Not only did cyberspace time demand ever more granular temporal subdivisions in order to function as frictionlessly as possible, but it led to “[t]he convergence of time with money” [pg186], as formal time was able to be quantified and each atomic unit of time accounted for. Indeed, Greenspan goes so far as to claim that ‘time = money’ was “perhaps the most important synthesis in the capitalist regime” [ibid.].

Consensus-time, however, could be said to not only equate time and money, but is actually constituted a list of new additions to the shared global state, the motivation for creating which is the creation of time itself in the form of blocks (at least in Proof of Work systems such as Bitcoin, Ethereum, and Monero), with the ‘winning’ miner of said block gaining all the transaction fees contained within it.

This is yet another abstraction laid over the form of synthesis Greenspan already highlighted as constitutive of capitalist time. Just as the “homogenous” time of capitalist societies - that have “assimilated natural time into the machine”[pg85] - has become “a synthetic operation which combines the hour, minute and second with the calendric anchors of day, month and year.” [pg119], decentralised time production stands as a transcendental technology of time which refuses any calendric synthesis, instead relying on the ordinal march of blocks of transactions.

If the temporality of capitalism relied on “the universal equation of time with money, an abstract process of production which mobilizes both the time of the clock and the time of the calendar into a particular synthetic regime”[pg119] in order to function, the synthesis of decentralised time production - a universal equation of time with consensus - subordinates money into the mechanism of temporal production itself.

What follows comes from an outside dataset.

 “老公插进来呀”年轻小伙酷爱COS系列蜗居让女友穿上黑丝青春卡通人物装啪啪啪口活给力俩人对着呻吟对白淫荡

You don’t have to look too hard in the depths of BitcoinTalk to find ‘zombie’ blockchains - projects in which no transactions took place and/or no blocks were mined for rewards, and thus time ceased. For those able to kick-start the incentive to mine, however, time appears as the product of a perpetual consensus machine. 3.3. The Shift to Ordinal Reality Consensus-time as the aggregation of transactions into blocks is an instance of ordinal time dislocated from the cardinal ticking of the clock in cycles of hours, minutes, and seconds. This is a machine-to-machine (m2m) time of semi-autonomous infrastructures of trascendental time which stand in reaction to the temporal command-and-control infrastructure of GMT.

Far from being a machine dystopia however, consensus-time offers the possibility of freeing us from the atomised grind of Unix and NTP, instead allowing for participation in a nexus of decentralised transcendental timezone production. WAGMI.